▶ _Task item_
Starting at the line that contains "Hello, welcome to" in the listing below, write out every line word for word until you have written the line that contains "So within that".
Start of Working data
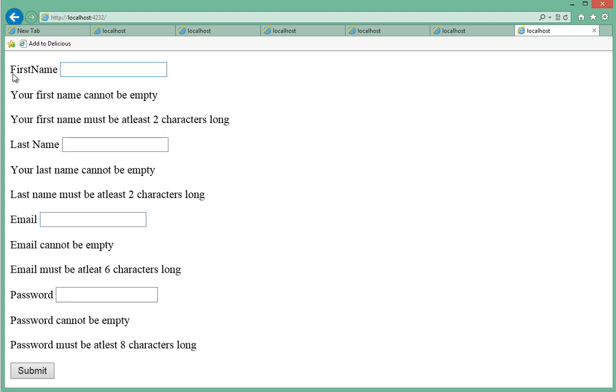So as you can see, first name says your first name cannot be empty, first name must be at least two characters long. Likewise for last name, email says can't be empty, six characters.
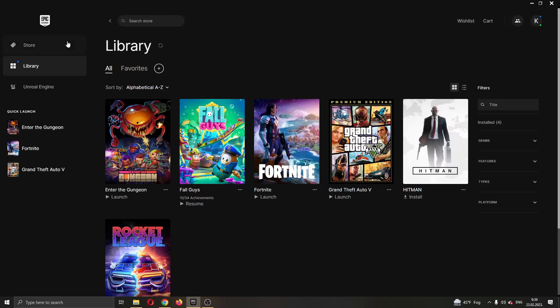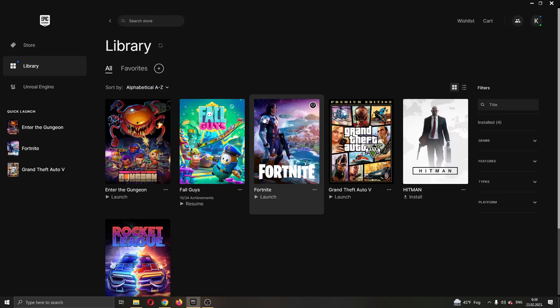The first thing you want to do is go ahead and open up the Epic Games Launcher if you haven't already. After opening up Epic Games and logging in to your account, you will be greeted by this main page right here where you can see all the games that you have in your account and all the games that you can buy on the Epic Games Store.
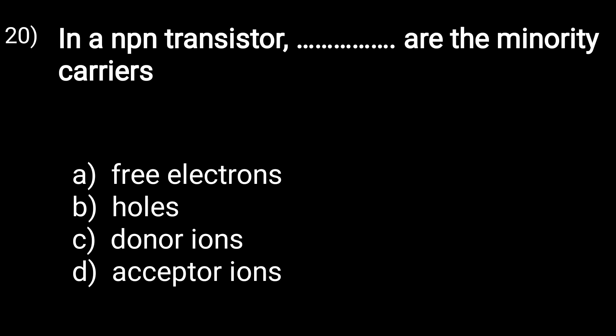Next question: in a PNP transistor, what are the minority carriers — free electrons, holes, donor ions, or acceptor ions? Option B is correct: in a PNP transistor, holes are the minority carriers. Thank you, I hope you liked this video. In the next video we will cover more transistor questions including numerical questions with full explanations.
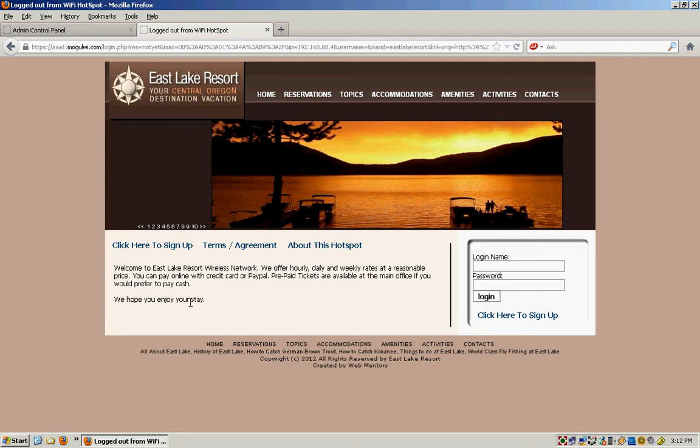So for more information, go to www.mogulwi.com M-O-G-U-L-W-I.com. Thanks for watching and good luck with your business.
End of Working data
Start of Working data
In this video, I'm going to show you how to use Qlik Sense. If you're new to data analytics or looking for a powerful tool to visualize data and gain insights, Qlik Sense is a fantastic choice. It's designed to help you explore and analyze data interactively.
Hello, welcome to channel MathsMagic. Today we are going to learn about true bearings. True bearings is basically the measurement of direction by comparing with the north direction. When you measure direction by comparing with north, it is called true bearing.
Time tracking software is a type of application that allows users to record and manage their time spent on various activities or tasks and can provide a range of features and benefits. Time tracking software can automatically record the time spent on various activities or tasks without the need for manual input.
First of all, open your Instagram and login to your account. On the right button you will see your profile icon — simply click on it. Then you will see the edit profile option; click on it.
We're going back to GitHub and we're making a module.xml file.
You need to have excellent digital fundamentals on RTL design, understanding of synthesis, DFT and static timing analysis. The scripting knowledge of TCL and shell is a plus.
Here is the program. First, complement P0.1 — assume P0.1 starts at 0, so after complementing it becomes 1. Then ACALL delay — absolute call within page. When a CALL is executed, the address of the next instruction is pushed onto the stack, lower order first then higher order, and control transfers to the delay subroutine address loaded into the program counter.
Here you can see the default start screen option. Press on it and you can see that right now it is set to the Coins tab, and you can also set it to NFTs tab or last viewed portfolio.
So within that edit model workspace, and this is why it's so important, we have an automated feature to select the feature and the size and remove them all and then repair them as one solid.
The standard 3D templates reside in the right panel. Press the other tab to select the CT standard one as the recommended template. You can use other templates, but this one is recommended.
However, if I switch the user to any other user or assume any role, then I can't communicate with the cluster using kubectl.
End of Working data
Start of Working data
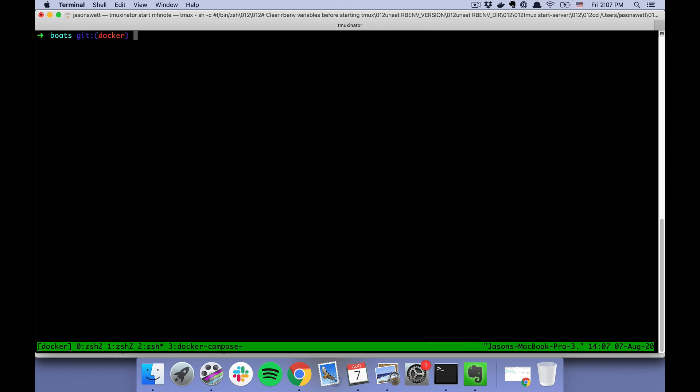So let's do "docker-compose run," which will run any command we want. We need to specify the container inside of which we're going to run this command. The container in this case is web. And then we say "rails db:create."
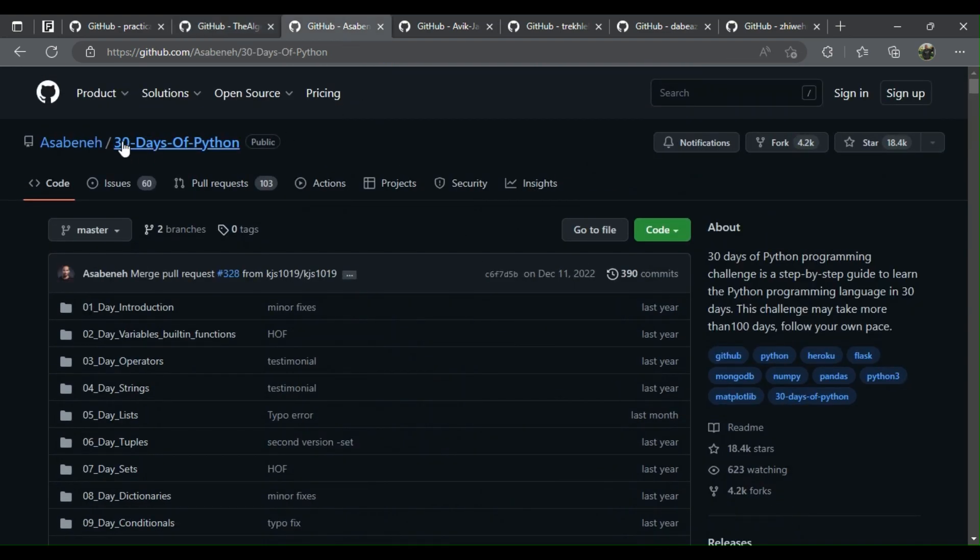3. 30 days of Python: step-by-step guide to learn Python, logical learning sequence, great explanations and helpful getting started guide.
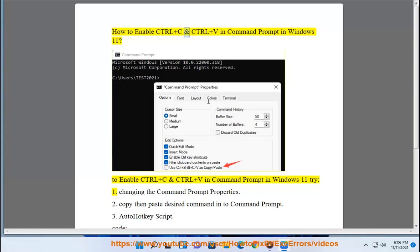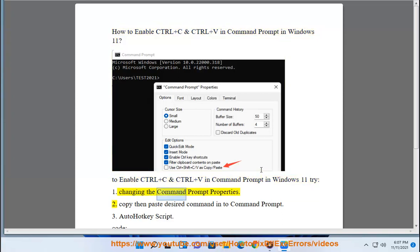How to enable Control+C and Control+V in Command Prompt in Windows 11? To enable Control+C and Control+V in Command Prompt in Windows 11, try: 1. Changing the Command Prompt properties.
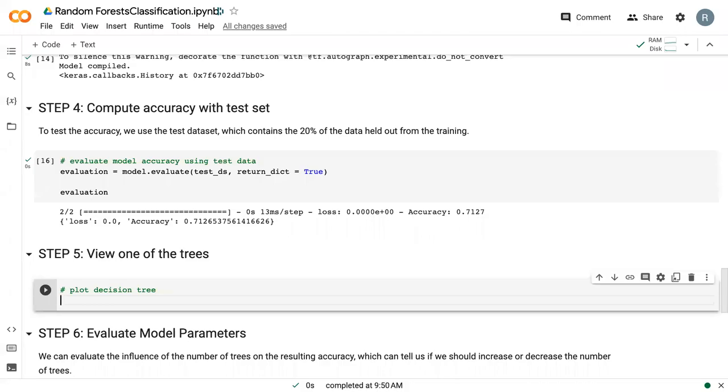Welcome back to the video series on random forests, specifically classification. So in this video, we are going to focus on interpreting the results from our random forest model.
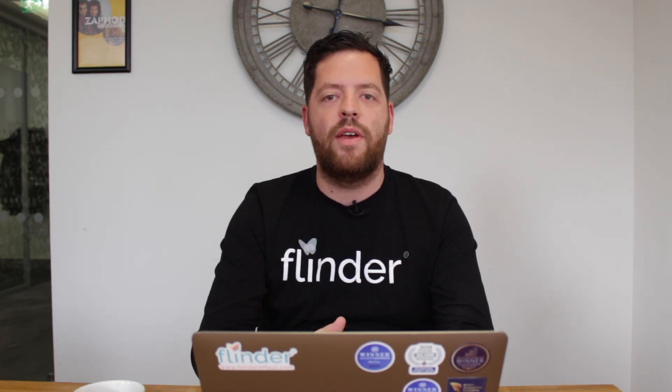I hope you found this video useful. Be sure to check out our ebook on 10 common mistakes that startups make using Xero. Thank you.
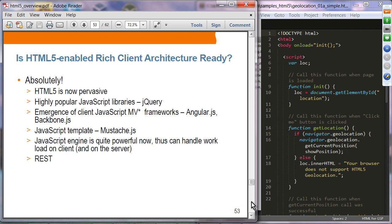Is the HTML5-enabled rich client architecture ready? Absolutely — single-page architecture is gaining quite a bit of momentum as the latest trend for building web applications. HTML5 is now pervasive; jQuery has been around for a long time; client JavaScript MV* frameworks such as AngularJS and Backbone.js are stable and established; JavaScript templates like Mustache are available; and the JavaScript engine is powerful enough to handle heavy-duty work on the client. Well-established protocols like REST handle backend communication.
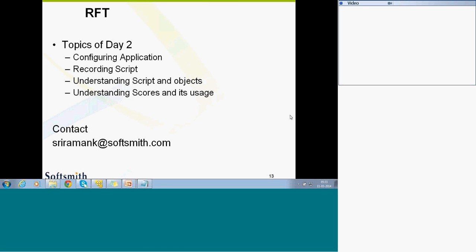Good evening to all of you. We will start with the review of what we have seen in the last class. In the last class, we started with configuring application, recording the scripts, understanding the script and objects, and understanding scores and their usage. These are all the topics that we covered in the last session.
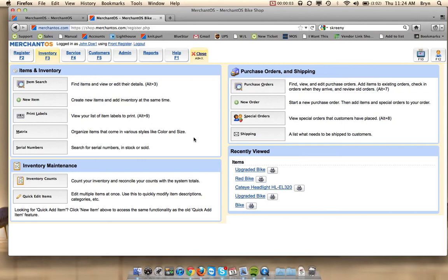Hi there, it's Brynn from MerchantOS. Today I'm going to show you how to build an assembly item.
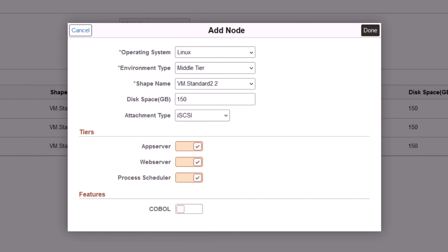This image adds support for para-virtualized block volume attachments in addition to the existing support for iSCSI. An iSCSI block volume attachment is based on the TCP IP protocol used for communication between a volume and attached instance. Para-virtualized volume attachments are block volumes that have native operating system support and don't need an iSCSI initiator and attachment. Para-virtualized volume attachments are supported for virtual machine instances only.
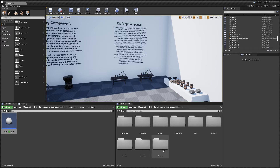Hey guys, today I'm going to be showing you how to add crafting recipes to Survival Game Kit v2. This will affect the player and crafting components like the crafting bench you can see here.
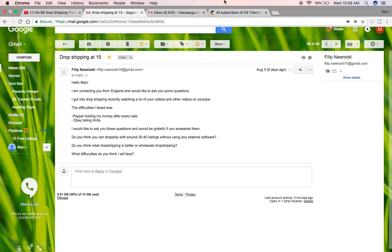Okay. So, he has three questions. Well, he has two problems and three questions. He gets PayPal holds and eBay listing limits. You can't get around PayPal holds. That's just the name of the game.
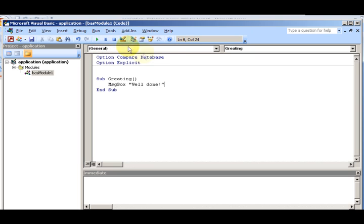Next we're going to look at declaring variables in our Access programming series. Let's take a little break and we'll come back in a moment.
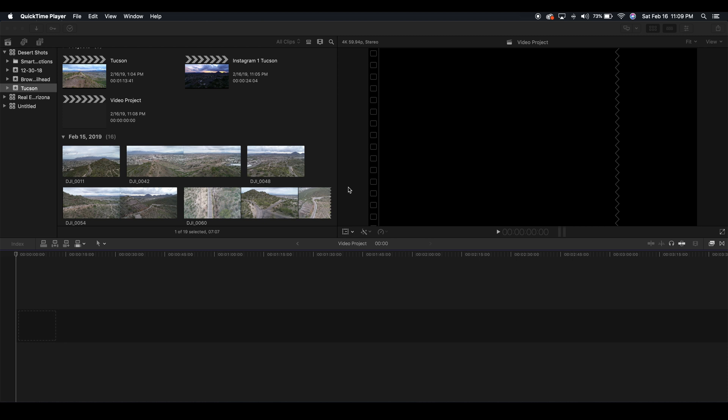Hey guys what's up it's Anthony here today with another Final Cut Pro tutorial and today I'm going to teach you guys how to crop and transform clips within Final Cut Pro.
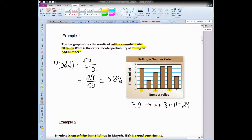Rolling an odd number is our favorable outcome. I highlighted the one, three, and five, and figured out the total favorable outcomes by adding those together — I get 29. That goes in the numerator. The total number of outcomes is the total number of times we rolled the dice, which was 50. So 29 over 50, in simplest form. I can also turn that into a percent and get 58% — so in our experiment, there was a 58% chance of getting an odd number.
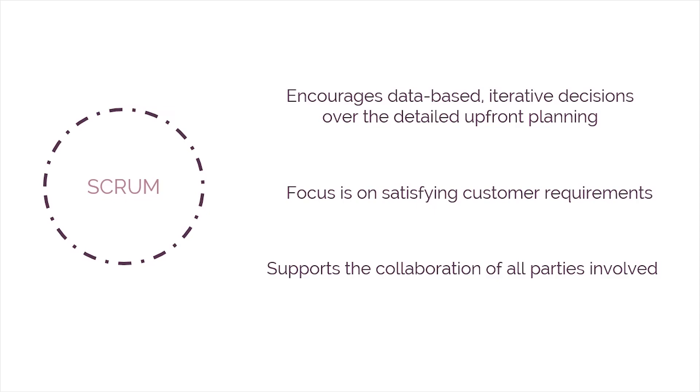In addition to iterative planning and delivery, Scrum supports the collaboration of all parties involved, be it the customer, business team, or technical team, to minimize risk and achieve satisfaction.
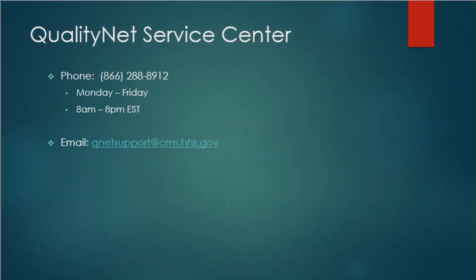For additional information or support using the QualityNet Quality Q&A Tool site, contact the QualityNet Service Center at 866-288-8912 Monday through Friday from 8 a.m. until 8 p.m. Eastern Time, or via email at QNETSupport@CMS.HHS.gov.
End of Working data
▶ _Response to the task_
Hello, welcome to channel MathsMagic. Today we are going to learn about true bearings. True bearings is basically the measurement of direction by comparing with the north direction. When you measure direction by comparing with north, it is called true bearing.
Time tracking software is a type of application that allows users to record and manage their time spent on various activities or tasks and can provide a range of features and benefits. Time tracking software can automatically record the time spent on various activities or tasks without the need for manual input.
First of all, open your Instagram and login to your account. On the right button you will see your profile icon — simply click on it. Then you will see the edit profile option; click on it.
We're going back to GitHub and we're making a module.xml file.
You need to have excellent digital fundamentals on RTL design, understanding of synthesis, DFT and static timing analysis. The scripting knowledge of TCL and shell is a plus.
Here is the program. First, complement P0.1 — assume P0.1 starts at 0, so after complementing it becomes 1. Then ACALL delay — absolute call within page. When a CALL is executed, the address of the next instruction is pushed onto the stack, lower order first then higher order, and control transfers to the delay subroutine address loaded into the program counter.
Here you can see the default start screen option. Press on it and you can see that right now it is set to the Coins tab, and you can also set it to NFTs tab or last viewed portfolio.
So within that edit model workspace, and this is why it's so important, we have an automated feature to select the feature and the size and remove them all and then repair them as one solid.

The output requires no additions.